Das zweite Männerpaar ist dann nicht über, sondern unter ihm, zwei Penner auf der Straße, die sich zunächst einfach über ihn lustig machen, indem sie vorgeben, mit einem schon wieder aus der Zeit gefallenen Telefon, dessen Kabel ins Nichts läuft, die Polizei zu rufen, dann aber auch dazu übergehen, ihn mit Kraftausdrücken zu traktieren. Man würde den Film wohl zu ernst nehmen, wenn man fragen würde, ob Schwule und sozial Benachteiligte einfach so sind, es geht eben nur darum, dass er die im Exploitationkino ja immer vorherrschende Tendenz, dass die Menschen nicht sonderlich freundlich oder hilfsbereit sind – man kann für dieses Kino mehr oder minder verallgemeinern, was Jacques Rievette in denkwürdigen Worten über die Filme Paul Verhoevens sagte: „Es geht ums Überleben in einer Welt, die von Arschlöchern bevölkert wird“ – auf die Spitze zu treiben. Es geht dabei aber, und dafür ist es dann doch wieder bedeutend, dass die Arschlöcher hier schwul und obdachlos sind, wiederum nur darum, zu provozieren. Das will auch gute Exploitation, aber sie will, das ist wohl der maßgebliche Unterschied zu schlechter Exploitation, mehr als das.

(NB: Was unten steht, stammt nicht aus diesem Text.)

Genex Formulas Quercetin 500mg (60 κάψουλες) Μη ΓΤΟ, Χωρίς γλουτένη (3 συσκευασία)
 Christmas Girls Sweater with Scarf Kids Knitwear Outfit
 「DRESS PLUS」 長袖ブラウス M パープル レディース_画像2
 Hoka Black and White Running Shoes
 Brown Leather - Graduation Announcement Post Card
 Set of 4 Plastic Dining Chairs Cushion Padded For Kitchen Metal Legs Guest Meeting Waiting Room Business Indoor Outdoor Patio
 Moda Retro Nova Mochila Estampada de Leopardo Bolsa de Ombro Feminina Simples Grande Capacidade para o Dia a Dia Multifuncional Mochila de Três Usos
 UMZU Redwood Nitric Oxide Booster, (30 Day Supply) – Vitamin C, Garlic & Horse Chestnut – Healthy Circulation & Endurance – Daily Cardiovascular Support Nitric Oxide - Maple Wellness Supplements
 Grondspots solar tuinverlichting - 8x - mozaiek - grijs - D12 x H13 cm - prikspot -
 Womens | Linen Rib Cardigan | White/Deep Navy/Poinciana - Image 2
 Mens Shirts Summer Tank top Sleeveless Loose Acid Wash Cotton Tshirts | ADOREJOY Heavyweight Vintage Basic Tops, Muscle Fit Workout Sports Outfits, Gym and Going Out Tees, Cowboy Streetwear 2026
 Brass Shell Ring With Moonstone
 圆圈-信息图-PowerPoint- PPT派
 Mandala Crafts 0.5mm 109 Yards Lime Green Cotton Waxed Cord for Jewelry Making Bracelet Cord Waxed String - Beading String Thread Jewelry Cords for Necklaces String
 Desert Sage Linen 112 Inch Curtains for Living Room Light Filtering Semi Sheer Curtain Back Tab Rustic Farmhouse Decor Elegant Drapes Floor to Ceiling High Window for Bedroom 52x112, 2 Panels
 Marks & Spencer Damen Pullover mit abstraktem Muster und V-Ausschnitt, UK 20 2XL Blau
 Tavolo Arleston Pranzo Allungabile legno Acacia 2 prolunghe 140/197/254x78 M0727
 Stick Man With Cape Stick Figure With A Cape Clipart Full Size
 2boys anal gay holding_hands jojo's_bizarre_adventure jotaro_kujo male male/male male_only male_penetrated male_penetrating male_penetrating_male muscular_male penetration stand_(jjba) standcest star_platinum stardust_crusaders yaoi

So geht das weiter. Ohne zu verraten, wie genau (der Film ist über weite Strecken so eigenartig, dass es einen Gutteil seines Reizes ausmacht, dass man keine Ahnung hat, wo das noch hinführen soll), sei doch so viel gesagt: Ein Kind wird geboren werden. An der Kinotür beim Screening auf dem diesjährigen Fantasy Filmfest wurden übrigens Kotztüten verteilt und auch wenn sie wohl niemand im Saal tatsächlich benutzt hat, saut der Film dann im Finale so sehr rum, dass es auch hartgesottenen Genrefans etwas flau im Magen werden kann. Am Ende sind der ganze Film, die Wohnung, die Figuren und Telefone imprägniert mit Kotze, Blut, Scheidensekret und wohl noch anderen Körperflüssigkeiten, von deren Existenz wir zuvor wahrscheinlich nicht mal ahnten. In der vor Dreck geradezu starrenden Wohnung, in der der Großteil des Films spielt, befinden wir uns wohl im Inneren eines Körpers, in der dunklen und schleimigen Höhle, in der wir wohnen. Man darf wohl, den Themen von Geburt et al entsprechend, davon ausgehen, dass es sich um einen Mutterleib handelt.
Und nun? Tja, ich war gebannt, hab mich geekelt, bin mir bewusst geworden, dass das Leben und sein Zyklus, dass Geburt und Tod und alles, was zwischen ihnen liegt, verdammt schmerzhaft sein können (was immerhin eine Erkenntnis ist, wenn auch keine sonderlich neue) und habe mich im Endeffekt dann aber doch nur gefragt: Was soll der Scheiß?